最大衰耗状態とは、各構造部材が船級協会(ここではNK)が規定するおのおのの局部衰耗限界まで同時に衰耗した極端な状態を考えている。大まかに言えば、上甲板や船底外板などの板厚は25%減、縦通材部材では約30%の減に相当し、フランジ面積では26〜27%減に相当する。さらに、中問衰耗状態とは、これらの衰耗の1/2を仮定した状態である。
図2に示すように、崩壊強度は、衰耗量に対してほぼ線形的に減少する。また、最大衰耗状態では、(設計)許容静水中曲げモーメントと寿命中遭遇するであろう最大波浪曲げモーメントの和に対して、85%から114%を示している。一番低い水平線が最大波浪縦曲げモーメントである。中段の水平線は標準的な積み付け状態における最大作用縦曲げモーメントである。
上段の水平線は(設計)許容静水中曲げモーメントを想定したときの最大作用モーメントを示す。41KDWTタンカーでは、標準的積み付け状態が最大モーメントを与えている。崩壊強度と作用モーメントを比べると、乱暴に言えば、最大衰耗状態では、Sagging状態におけるSuezmax級で強度が15%程度不足になり、Hogging状態にある他のタイプでは多少余裕があることを意味している。中問衰耗状態では、作用モーメントに対し112%ないしは137%程度の崩壊強度が有ることがわかる。
なお、新造時では、134%から162%の崩壊強度を有している。ただし、実際の標準的積み付け状態を考えると、静水中曲げモーメントはSuezmax級やVLCCでは(設計)許容静水中モーメントよりも小さいことが通常であり、このことを考慮すると、強度の余裕は増すが、ここでは許容静水中モーメントが、許容したからには船体に作用する可能性があると考えることにする。
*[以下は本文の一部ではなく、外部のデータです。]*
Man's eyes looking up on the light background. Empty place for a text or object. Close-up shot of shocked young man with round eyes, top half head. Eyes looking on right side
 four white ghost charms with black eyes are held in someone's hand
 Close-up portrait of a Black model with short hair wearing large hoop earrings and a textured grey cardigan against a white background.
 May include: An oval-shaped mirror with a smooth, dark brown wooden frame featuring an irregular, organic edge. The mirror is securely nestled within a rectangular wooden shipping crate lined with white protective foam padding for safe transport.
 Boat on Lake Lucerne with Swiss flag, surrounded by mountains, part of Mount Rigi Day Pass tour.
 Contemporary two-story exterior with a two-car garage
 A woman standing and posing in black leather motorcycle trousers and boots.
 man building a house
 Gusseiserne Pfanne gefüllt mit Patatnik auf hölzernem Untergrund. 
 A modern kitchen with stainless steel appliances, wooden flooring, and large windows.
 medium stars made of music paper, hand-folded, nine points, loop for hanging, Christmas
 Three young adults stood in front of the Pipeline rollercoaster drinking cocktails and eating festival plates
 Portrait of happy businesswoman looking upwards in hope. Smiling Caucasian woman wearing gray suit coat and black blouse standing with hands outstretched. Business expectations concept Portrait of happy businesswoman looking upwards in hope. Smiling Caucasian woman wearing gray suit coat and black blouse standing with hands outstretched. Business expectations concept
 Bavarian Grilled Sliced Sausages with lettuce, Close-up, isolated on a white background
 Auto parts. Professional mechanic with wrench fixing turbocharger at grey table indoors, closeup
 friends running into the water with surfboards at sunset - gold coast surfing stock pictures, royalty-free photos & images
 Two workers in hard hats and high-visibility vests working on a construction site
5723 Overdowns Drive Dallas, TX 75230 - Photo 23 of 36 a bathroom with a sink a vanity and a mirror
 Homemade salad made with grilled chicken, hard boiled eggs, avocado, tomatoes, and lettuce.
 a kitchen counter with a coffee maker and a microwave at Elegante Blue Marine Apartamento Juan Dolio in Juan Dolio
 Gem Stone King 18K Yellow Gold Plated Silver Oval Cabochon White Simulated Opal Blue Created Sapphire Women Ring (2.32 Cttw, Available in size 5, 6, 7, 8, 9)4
他の計算結果を含めて考えると次のことが言える。新造時のタンカーの主船体縦曲げ最終強度に対する安全率は概ねHogging状態で1.5から2.0になる。Sagging状態では、1.3から1.6になる。中問衰耗状態で主船体縦曲げ最終強度に対する安全率は概ねHogging状態で1.2から1.7になる。